Amanda Craig (born 1959) is a British novelist. Craig studied at Bedales School and Cambridge and works as a journalist. She is married with two children and lives in London.
Craig has so far published a cycle of six novels which deal with contemporary British society, often in a concise, acerbic, false and satirical manner. Her approach to writing fiction has been compared to that of Anthony Trollope and Charles Dickens. Her novel A Vicious Circle was originally contracted to be published by Hamish Hamilton, but was cancelled when its proof copy received a libel threat from David Sexton, a literary critic and former boyfriend of Craig's at Cambridge, fifteen years previously. The novel was promptly bought by Fourth Estate and published three months later. Although each novel can be read separately, they are linked to each other by common characters and themes, thus constituting a novel sequence. Usually, Craig takes a minor character and makes him or her the protagonist of her next work.

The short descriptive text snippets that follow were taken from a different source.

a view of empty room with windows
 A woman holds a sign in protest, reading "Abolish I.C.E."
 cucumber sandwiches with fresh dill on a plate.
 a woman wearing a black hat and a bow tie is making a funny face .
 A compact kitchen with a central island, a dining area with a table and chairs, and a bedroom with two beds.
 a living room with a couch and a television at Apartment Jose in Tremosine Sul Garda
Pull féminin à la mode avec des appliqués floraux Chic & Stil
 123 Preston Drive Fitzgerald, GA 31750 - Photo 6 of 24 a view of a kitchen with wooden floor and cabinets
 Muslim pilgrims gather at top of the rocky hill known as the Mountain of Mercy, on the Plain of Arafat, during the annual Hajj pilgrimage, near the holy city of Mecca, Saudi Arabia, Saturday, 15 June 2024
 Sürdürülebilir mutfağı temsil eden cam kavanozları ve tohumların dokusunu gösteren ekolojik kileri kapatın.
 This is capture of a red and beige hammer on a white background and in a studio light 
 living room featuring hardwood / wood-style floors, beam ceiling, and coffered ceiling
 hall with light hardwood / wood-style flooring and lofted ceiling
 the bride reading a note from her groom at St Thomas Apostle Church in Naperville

Craig is particularly interested in children's fiction, and was one of the first critics to praise JK Rowling and Philip Pullman in The New Statesman. She is currently the children's critic for The Times.
Foreign Bodies (1990),
A Private Place (1991),
A Vicious Circle (1996),
In a Dark Wood (2000),
Love in Idleness (2003),
Hearts and Minds (2009),
In a Daily Mail opinion piece, Craig criticised the anti-gender stereotyping campaign, Pinkstinks. She confessed to hating pink, but argued that "you can't 'liberate' young girls by banning it. Besides, if you banned pink, there would be a toddlers' revolution. It speaks to their deepest instincts of what is feminine".